Quando ho cominciato a muovere i primi passi nel fundraising, ricordo che ad affidarsi all’agenzia per cui lavoravo ai tempi erano, in modo particolare, le grandi organizzazioni nonprofit. Non solo per via delle risorse in più da investire ma, di fatto, per una mentalità d’impresa che le contraddistingueva dalla maggior parte delle piccole, ancora ancorate a una visione più “romantica” della causa, dove il rapporto con il denaro era non solo un limite bensì quasi un insulto all’attivismo volontaristico.
A distanza di 15 anni, le cose in parte sono cambiate.

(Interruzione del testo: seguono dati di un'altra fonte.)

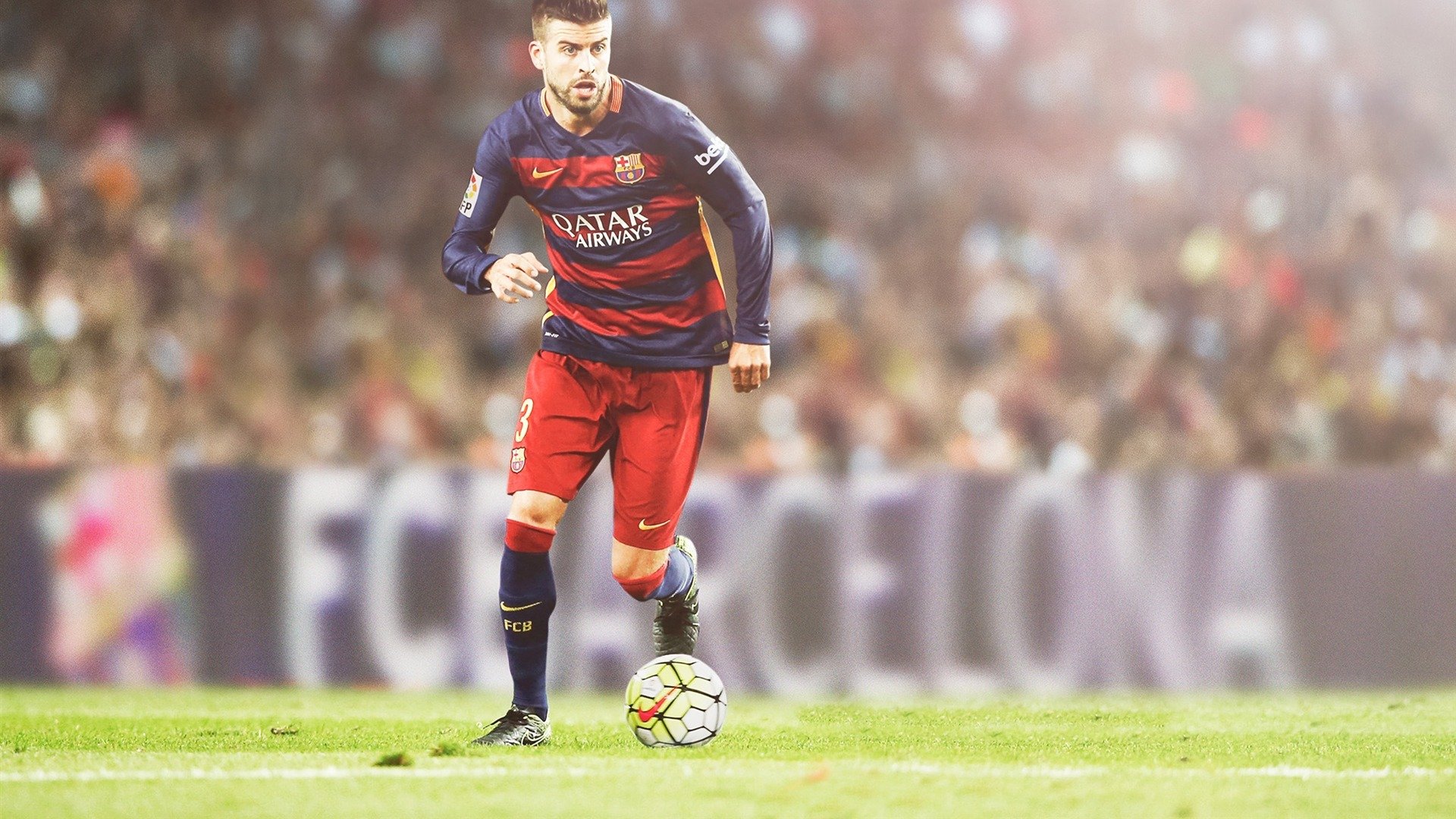 _水上障碍冒险:潜入水底挑战极限_,水下障碍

E’ certamente sempre molto diffusa l’idea che denaro e causa non vadano d’accordo ma, per fortuna, c’è più cultura in questo senso e una maggiore consapevolezza sul fatto che per fare bene le cose, il cuore va bene ma il cuore da solo non basta.
Il mercato è evoluto velocemente negli ultimi anni. Complici una crescente attenzione della stampa che nel tempo ha attenzionato il terzo settore, facendo emergere buone pratiche e cattivi usi.

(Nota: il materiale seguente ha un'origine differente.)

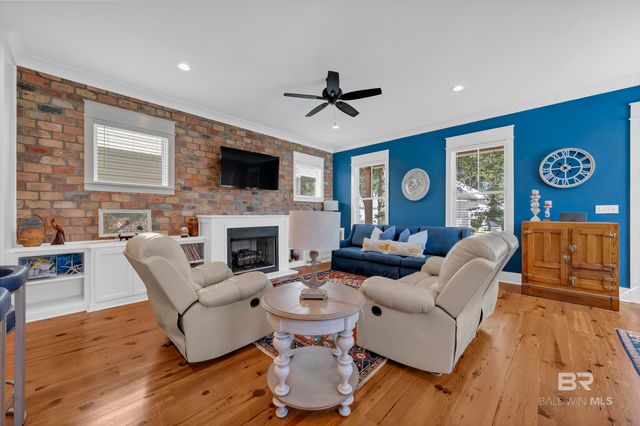 485 Orleans Street, Gulf Shores, AL 36542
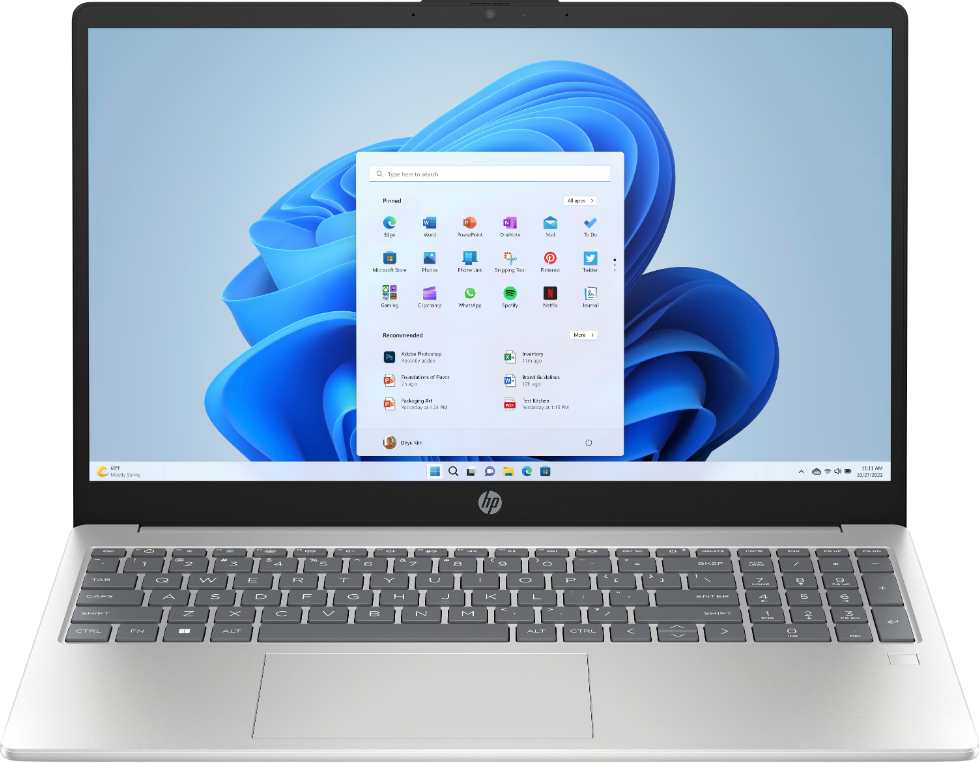 15-fd0048nd laptop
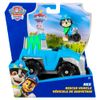 Vehiculo-Basico-B-Paw-Patrol-4-351690749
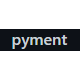 pyment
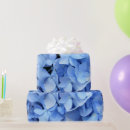 Zoek naar grond cadeaupapier Bloem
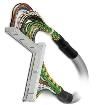 2314244 Ribbon Cables / IDC Cables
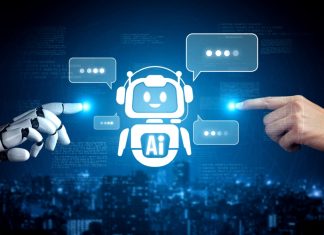 Vegangster taps Cevro AI to strengthen player support AI agent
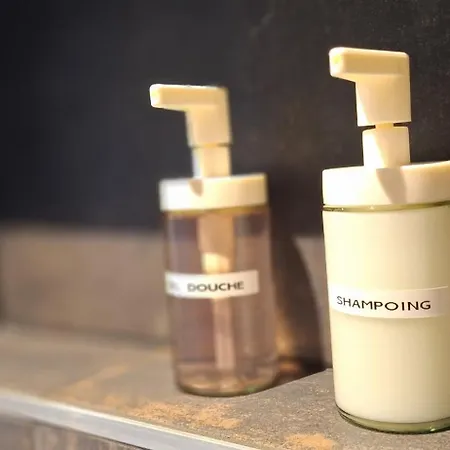 Chez Nenene En Ardenne Semesterbostad La-Roche-en-Ardenne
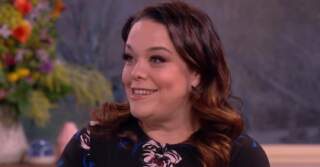 Lisa Riley: The Journey of a Celebrated Star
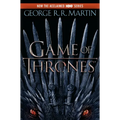 A Game of Thrones (HBO Tie-In Edition)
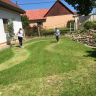 SportovyDen-2019_042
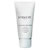Payot Gommage Douceur Gentle Scrubbing Cream 75ml (All Skin Types)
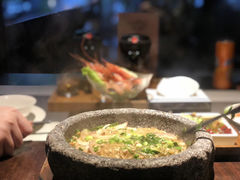 -铂米星座(瑞安店)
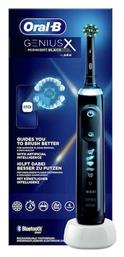 Oral-B Genius X - Oral B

Complici gli operatori del settore che hanno preteso, per certi versi, una maggiore formazione per far crescere le proprie organizzazioni in cambio del supporto il più delle volte volontario.
Complice la crisi globale che ha investito il privato sociale di maggiori responsabilità e, dunque, ha favorito la necessità di creare maggiori competenze.
Così, di fatto, la richiesta di professionalizzazione ha subìto un’impennata e, con essa, è cresciuta l’offerta formativa a più livelli, inclusa quella più propriamente legata al reperimento dei fondi.
La maggiore professionalizzazione ha senza dubbio accresciuto le abilità di chi sapeva e, allo stesso tempo, ha provocato (fortunatamente, direi) il proliferare della ricchezza nell’offerta sociale, con la comparsa sulla scena di entità diverse, alcune delle quali si sono affermate contribuendo ad arricchire il terzo settore italiano in termini di valore. Insieme a queste, è cresciuto il numero di persone impegnate, a vario titolo, nel marketing, nella comunicazione, nella raccolta fondi.
Diversificazione è sinonimo di ricchezza, il più delle volte, ma tale ricchezza va incanalata perché allo stesso tempo accresce la difficoltà nel comprendere chi fa bene e chi meno.
Formazione e diversificazione hanno favorito l’allargamento della forbice – e dei risultati – tra chi sa e si forma e chi rimane ancorato a una visione che più sopra ho definito “romantica” del nonprofit e di coloro che si ostinano, seppur in buona fede, a non voler accettare il cambiamento di un mercato che richiede molto di più del buon cuore per starci e supporre di lavorare negli anni a venire.
Ci vogliono tempo, budget, fiducia e lavoro trasversale. Questi 4 sono aspetti che meritano un capitolo a parte. Ne parleremo ancora.
Così, se fino a una decina di anni fa i board potevano ancora scegliere se fare della raccolta fondi un’attività strutturata o meno, ora non è più una scelta opzionabile.
Il fundraising è oggi protagonista. Tanto vale farlo bene.